» Provided records:
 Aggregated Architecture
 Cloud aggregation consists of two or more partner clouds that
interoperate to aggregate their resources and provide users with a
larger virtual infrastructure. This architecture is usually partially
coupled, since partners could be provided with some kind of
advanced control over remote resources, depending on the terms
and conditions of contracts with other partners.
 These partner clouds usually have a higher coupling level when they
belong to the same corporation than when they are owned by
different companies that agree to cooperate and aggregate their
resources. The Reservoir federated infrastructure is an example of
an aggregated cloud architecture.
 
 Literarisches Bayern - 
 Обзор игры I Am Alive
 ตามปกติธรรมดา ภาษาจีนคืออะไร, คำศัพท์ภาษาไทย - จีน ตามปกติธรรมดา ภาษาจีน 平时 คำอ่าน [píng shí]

» Work instruction:
Print out every record again, exactly and in full.

» Answer area:
 Aggregated Architecture
 Cloud aggregation consists of two or more partner clouds that
interoperate to aggregate their resources and provide users with a
larger virtual infrastructure. This architecture is usually partially
coupled, since partners could be provided with some kind of
advanced control over remote resources, depending on the terms
and conditions of contracts with other partners.
 These partner clouds usually have a higher coupling level when they
belong to the same corporation than when they are owned by
different companies that agree to cooperate and aggregate their
resources. The Reservoir federated infrastructure is an example of
an aggregated cloud architecture.
 
 Literarisches Bayern - 
 Обзор игры I Am Alive
 ตามปกติธรรมดา ภาษาจีนคืออะไร, คำศัพท์ภาษาไทย - จีน ตามปกติธรรมดา ภาษาจีน 平时 คำอ่าน [píng shí]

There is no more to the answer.